EXERCISE MATERIALS>
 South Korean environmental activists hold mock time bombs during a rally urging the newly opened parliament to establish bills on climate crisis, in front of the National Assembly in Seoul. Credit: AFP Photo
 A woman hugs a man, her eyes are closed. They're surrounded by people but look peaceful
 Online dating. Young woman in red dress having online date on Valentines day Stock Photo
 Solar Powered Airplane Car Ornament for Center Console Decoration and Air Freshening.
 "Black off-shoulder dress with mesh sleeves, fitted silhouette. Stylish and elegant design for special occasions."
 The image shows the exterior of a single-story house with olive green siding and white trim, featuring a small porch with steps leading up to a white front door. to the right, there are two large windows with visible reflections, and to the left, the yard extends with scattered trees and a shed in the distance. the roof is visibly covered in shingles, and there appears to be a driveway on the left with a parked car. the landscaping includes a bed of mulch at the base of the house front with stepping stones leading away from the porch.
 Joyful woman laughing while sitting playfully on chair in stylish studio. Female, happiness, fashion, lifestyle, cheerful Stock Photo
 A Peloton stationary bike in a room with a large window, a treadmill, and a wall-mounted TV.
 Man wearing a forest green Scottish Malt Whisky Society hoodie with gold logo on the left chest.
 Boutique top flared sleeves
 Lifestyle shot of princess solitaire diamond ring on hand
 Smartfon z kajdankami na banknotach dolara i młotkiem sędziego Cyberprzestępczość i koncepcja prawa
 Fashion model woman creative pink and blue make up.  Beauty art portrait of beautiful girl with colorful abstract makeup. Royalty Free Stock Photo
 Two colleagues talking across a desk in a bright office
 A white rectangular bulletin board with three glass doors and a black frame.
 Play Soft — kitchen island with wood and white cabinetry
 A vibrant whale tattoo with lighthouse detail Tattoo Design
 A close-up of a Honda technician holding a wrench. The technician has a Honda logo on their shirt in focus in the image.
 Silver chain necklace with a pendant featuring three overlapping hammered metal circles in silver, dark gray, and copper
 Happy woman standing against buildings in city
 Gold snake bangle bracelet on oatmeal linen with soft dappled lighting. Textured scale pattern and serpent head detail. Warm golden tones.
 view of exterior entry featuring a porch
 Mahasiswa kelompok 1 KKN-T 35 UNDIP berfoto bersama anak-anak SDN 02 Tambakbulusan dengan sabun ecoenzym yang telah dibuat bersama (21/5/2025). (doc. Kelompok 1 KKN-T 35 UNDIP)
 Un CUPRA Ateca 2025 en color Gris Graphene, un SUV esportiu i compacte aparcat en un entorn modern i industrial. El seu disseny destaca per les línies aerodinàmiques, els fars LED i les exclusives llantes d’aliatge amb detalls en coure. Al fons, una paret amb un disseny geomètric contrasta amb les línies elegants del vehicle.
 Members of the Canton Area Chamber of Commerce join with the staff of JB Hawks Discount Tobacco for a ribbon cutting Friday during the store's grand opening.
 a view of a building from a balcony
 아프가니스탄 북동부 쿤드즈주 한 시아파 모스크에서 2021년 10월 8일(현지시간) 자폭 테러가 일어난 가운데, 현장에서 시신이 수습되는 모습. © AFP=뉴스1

INSTRUCTIONS TO FOLLOW> All lines in the listing above between the line with "Man wearing a" and the line with "Smartfon z kajdankami", inclusive, should be set down exactly, and no line outside that range.

TASK OUTPUT>
 Man wearing a forest green Scottish Malt Whisky Society hoodie with gold logo on the left chest.
 Boutique top flared sleeves
 Lifestyle shot of princess solitaire diamond ring on hand
 Smartfon z kajdankami na banknotach dolara i młotkiem sędziego Cyberprzestępczość i koncepcja prawa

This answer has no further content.